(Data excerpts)
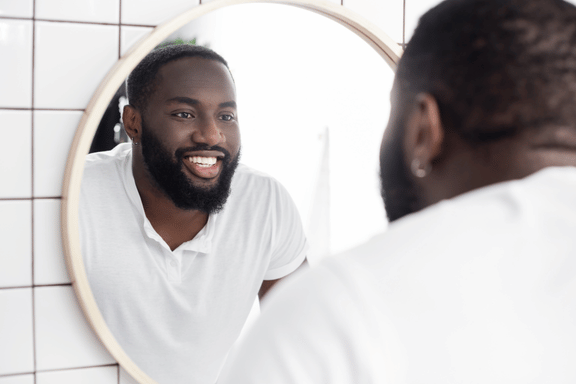 man looking in mirror at extraction site checking for any issues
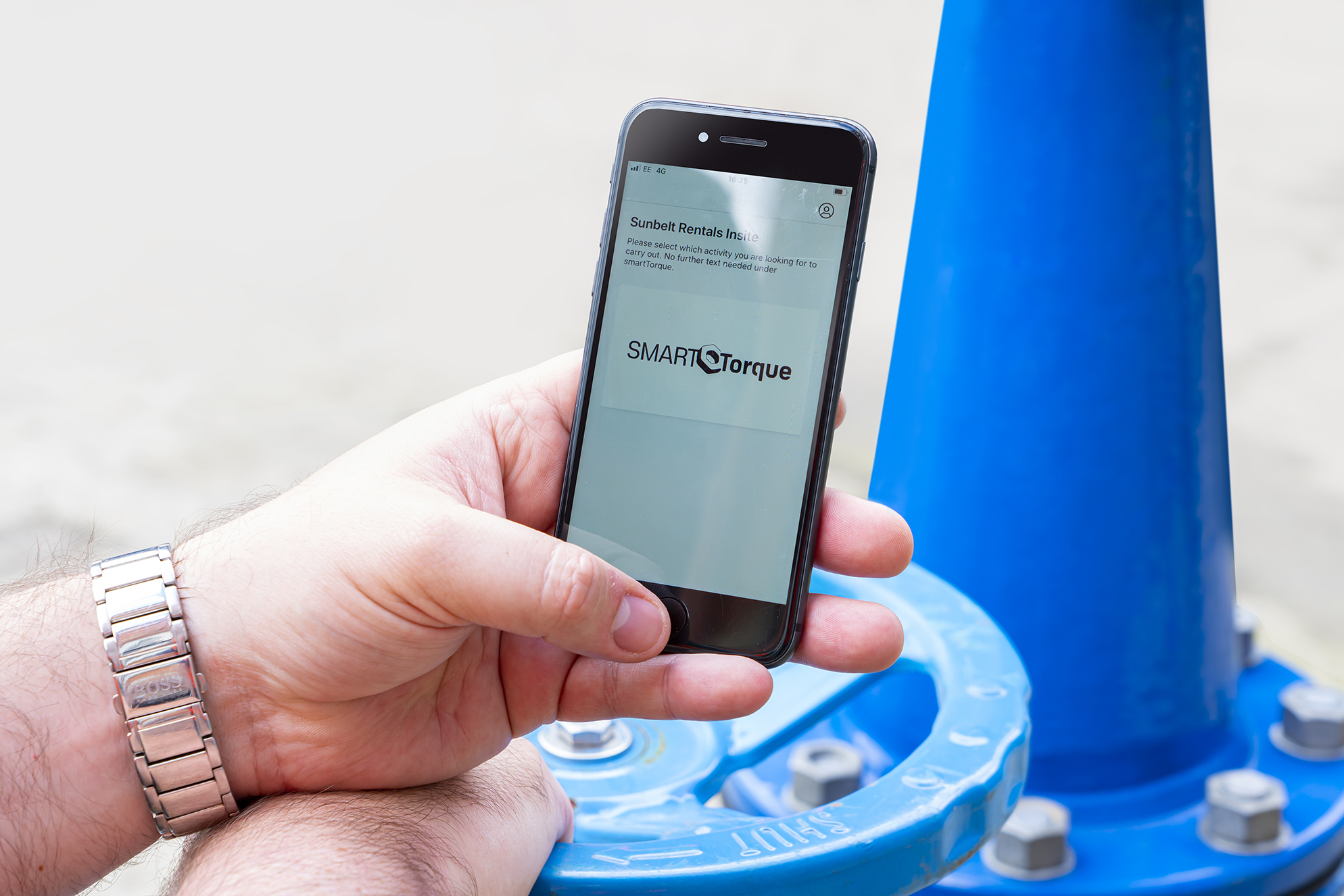 person holding mobile phone using Smartsite app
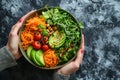 Colorful bowl with avocado and vegetables in a woman& x27;s hands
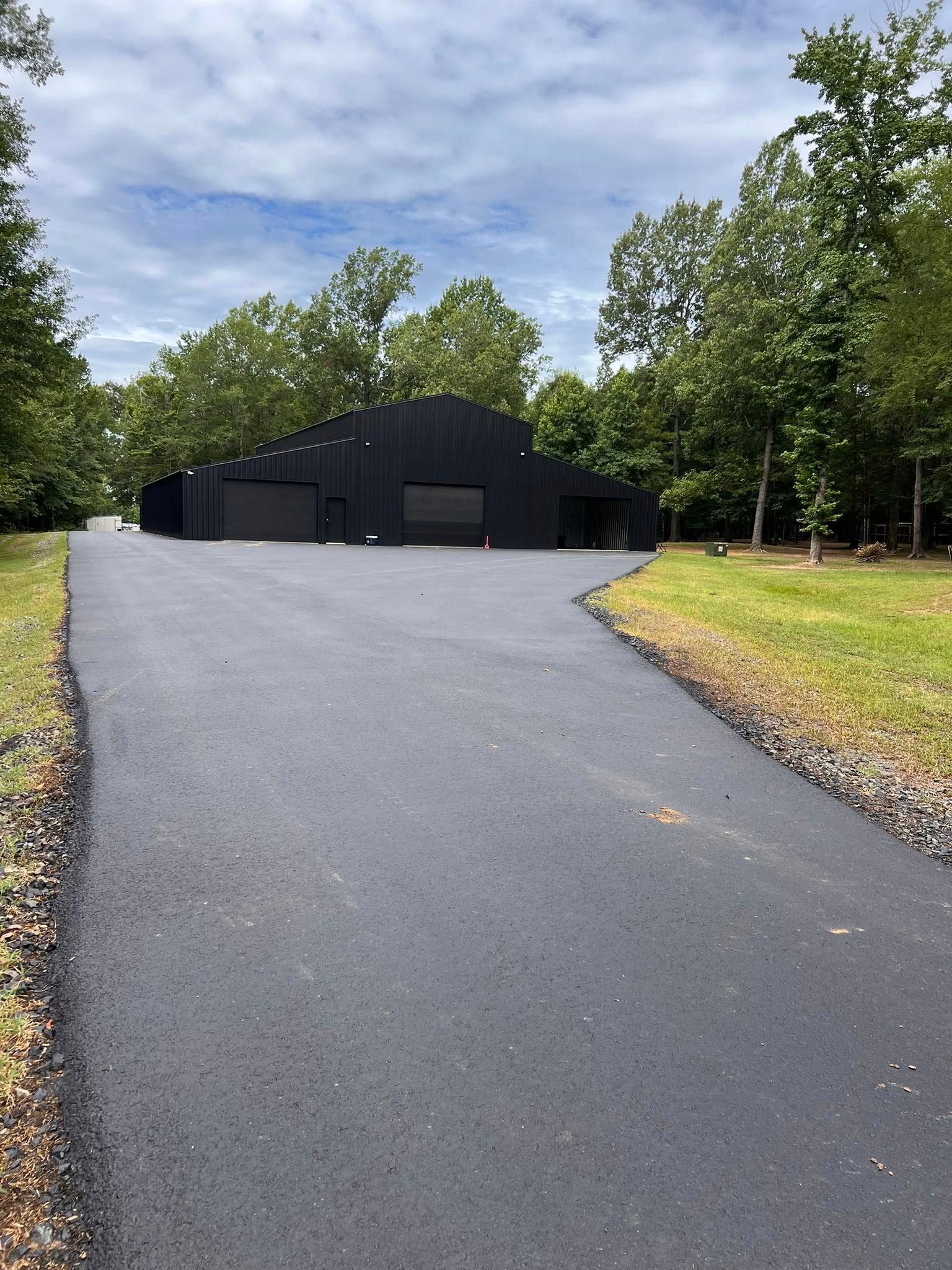 Black building with two garage doors and a paved driveway surrounded by trees.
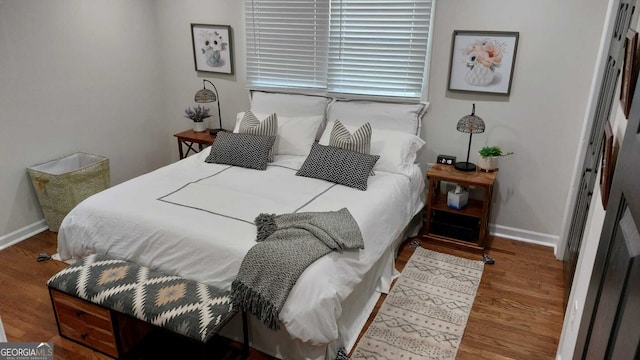 bedroom with baseboards and wood finished floors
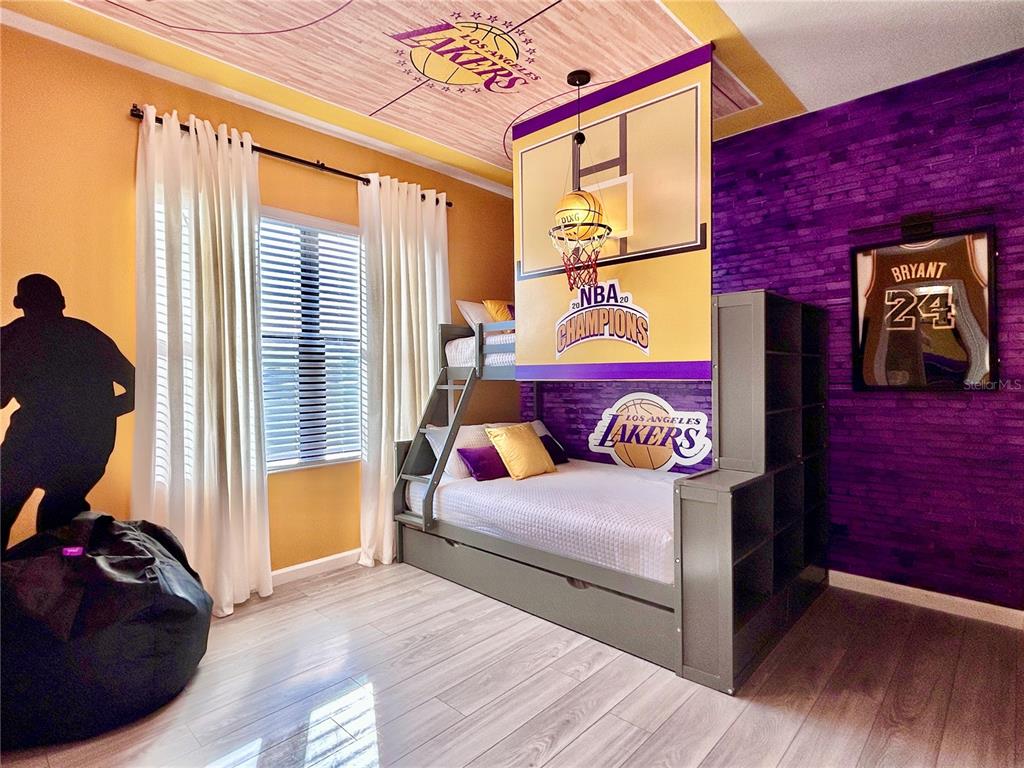 6271 Sand Skipper Road Orlando, FL 32821 - Photo 32 of 46 a bedroom with a bed and wooden floor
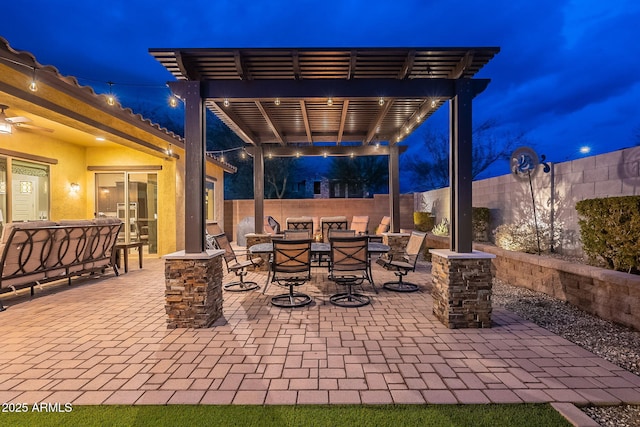 patio at night featuring a pergola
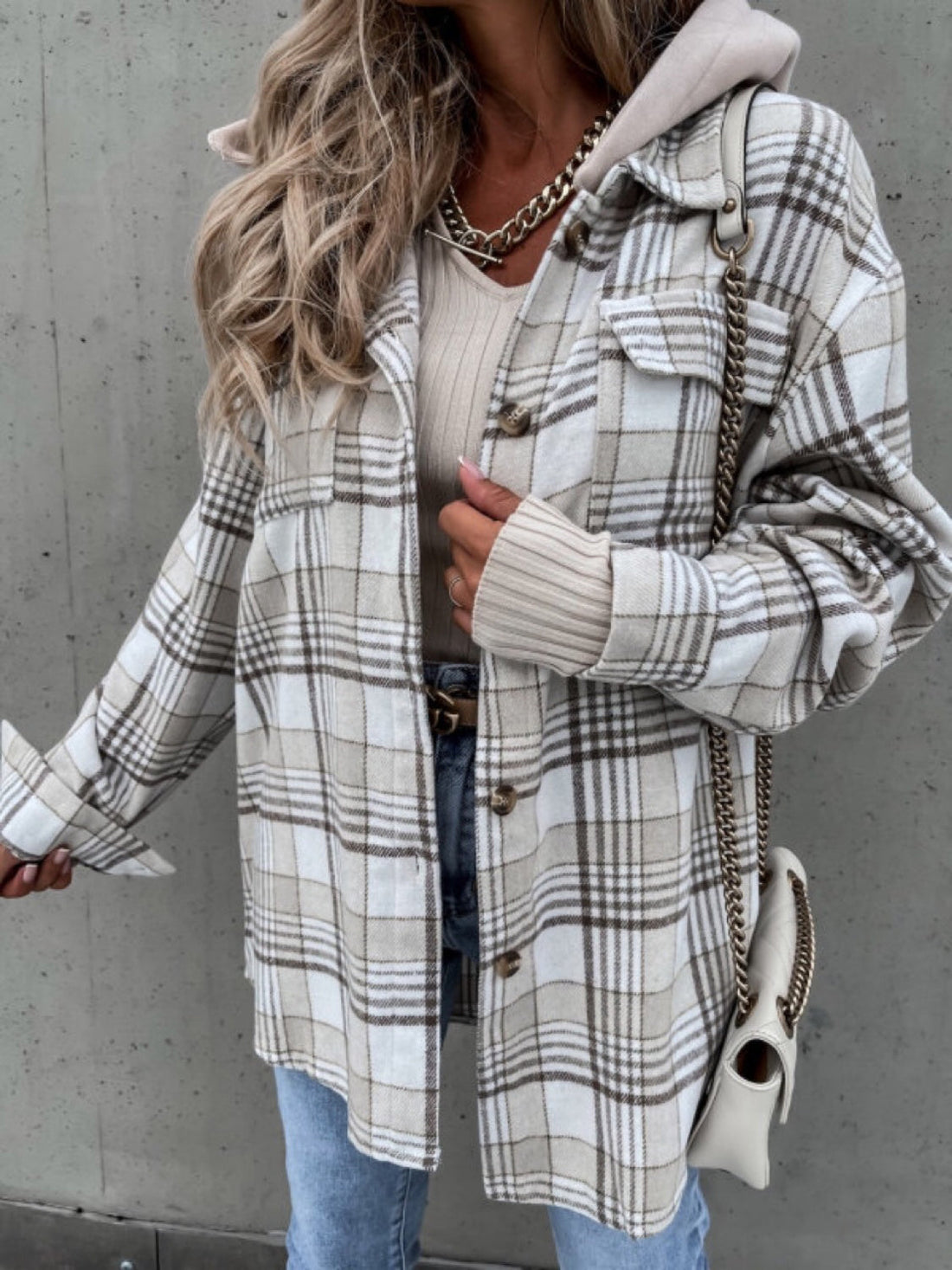 Oversized plaid shacket with attached hood in beige and white, featuring buttoned front and chest pockets.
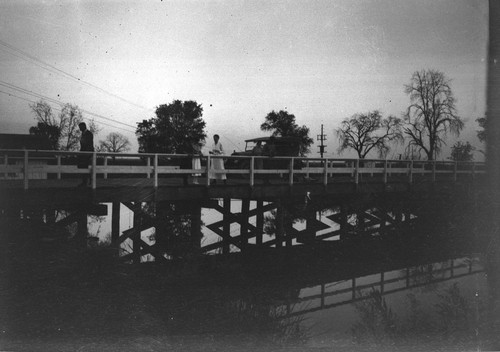 Bridge with people and automobile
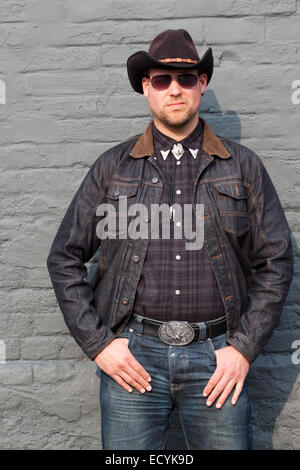 A young man dressed as a cowboy and wearing sunglasses poses in a macho way by a brick wall Stock Photo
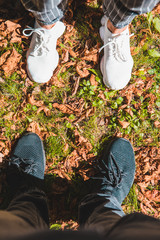 man and woman legs in black and white sneakers on green grass with red rusty leaves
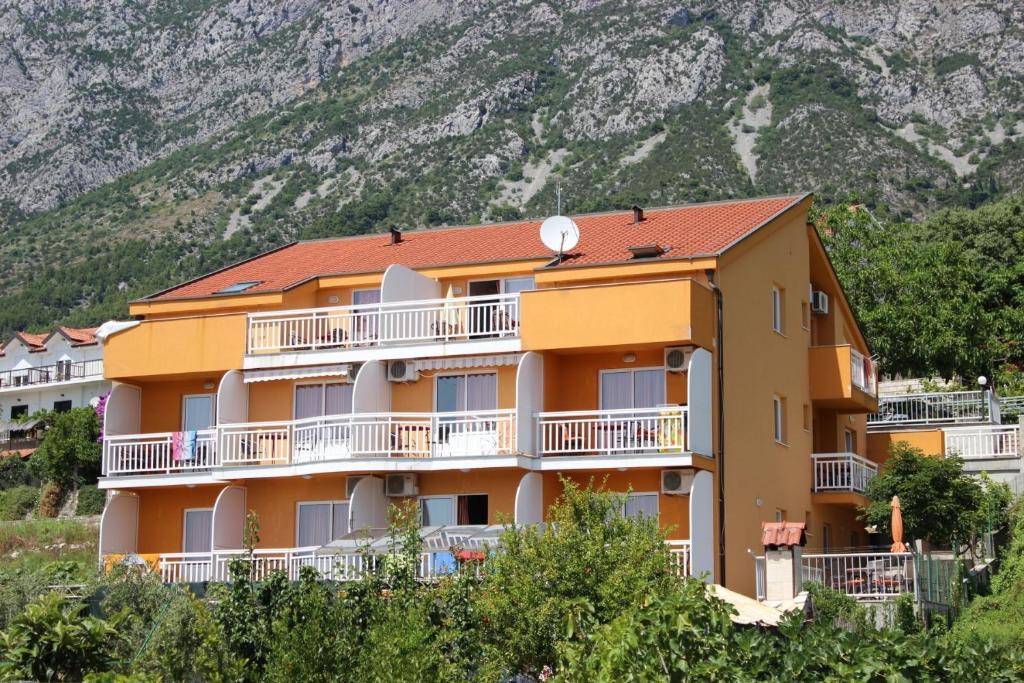 un edificio naranja con balcones blancos y una montaña en Apartment Gradac 13681d, en Gradac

▶ [YOUR GOAL]:
The copy must match every line of the data exactly and contain no pictures.

▶ [OUTPUT OF THE EXERCISE]:
 man looking in mirror at extraction site checking for any issues
 person holding mobile phone using Smartsite app
 Colorful bowl with avocado and vegetables in a woman& x27;s hands
 Black building with two garage doors and a paved driveway surrounded by trees.
 bedroom with baseboards and wood finished floors
 6271 Sand Skipper Road Orlando, FL 32821 - Photo 32 of 46 a bedroom with a bed and wooden floor
 patio at night featuring a pergola
 Oversized plaid shacket with attached hood in beige and white, featuring buttoned front and chest pockets.
 Bridge with people and automobile
 A young man dressed as a cowboy and wearing sunglasses poses in a macho way by a brick wall Stock Photo
 man and woman legs in black and white sneakers on green grass with red rusty leaves
 un edificio naranja con balcones blancos y una montaña en Apartment Gradac 13681d, en Gradac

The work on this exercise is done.